- PROMPT -
Leave out every picture and set down, exactly, the lines below from the one holding "Cute Mimi Life" up to and including the one holding "St. Peters Cathedral, Vatican".

- EXTRACTED INFORMATION -
□ □ □

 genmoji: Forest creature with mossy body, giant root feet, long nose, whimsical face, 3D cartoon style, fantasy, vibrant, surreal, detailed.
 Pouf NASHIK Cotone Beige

□ □ □

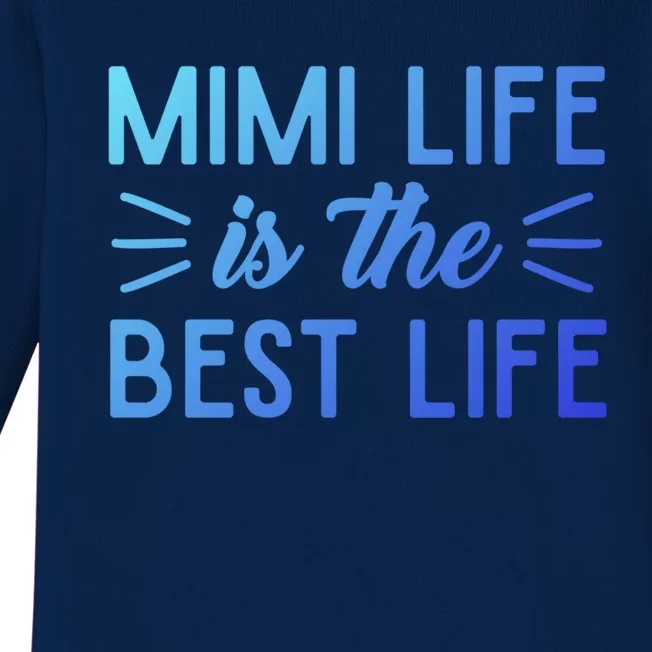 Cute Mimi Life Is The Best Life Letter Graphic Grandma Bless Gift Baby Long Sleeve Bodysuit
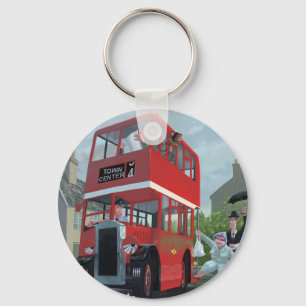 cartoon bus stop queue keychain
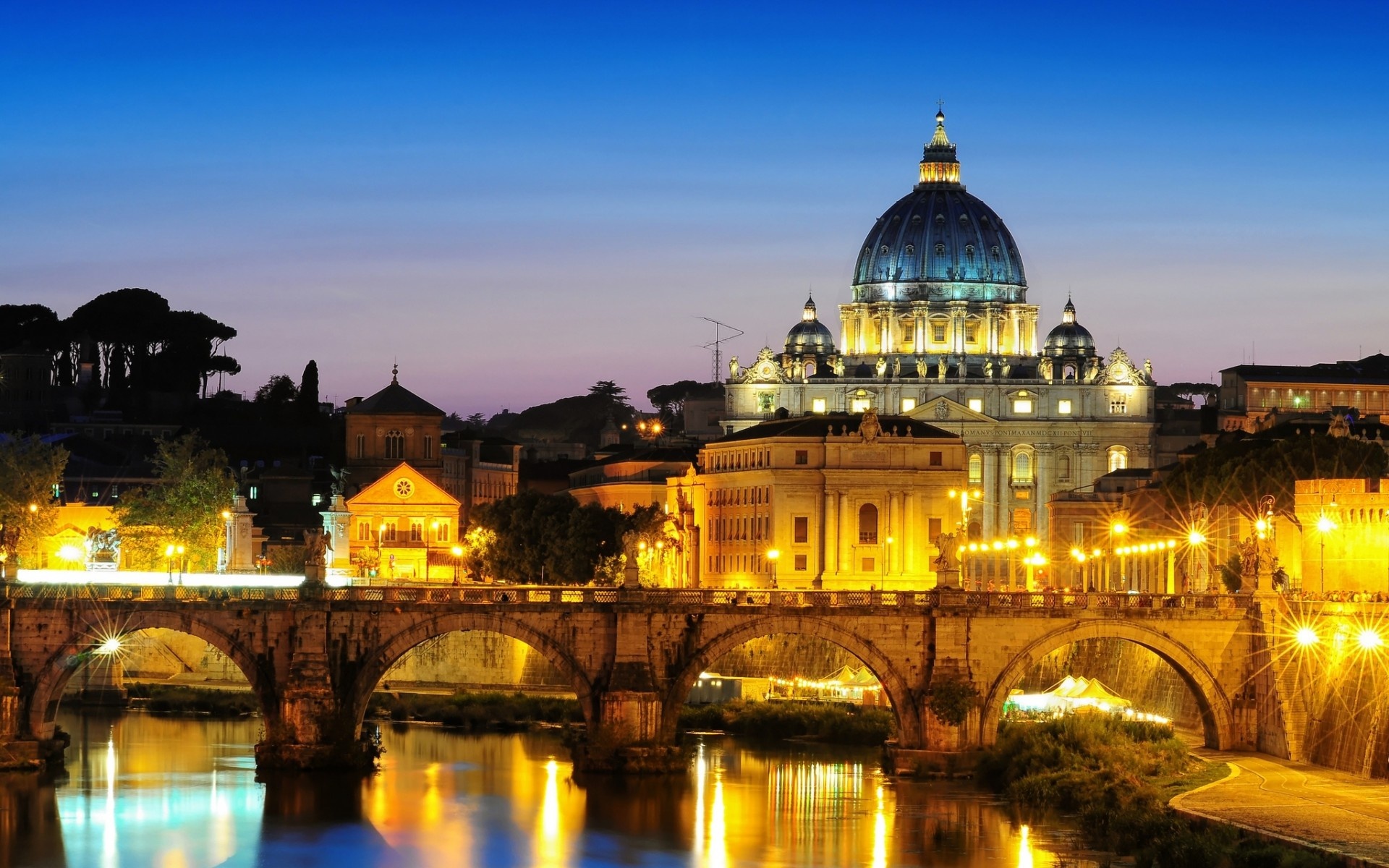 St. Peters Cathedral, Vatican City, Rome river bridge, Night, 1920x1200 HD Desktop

□ □ □

- SOLUTION -
 Cute Mimi Life Is The Best Life Letter Graphic Grandma Bless Gift Baby Long Sleeve Bodysuit
 cartoon bus stop queue keychain
 St. Peters Cathedral, Vatican City, Rome river bridge, Night, 1920x1200 HD Desktop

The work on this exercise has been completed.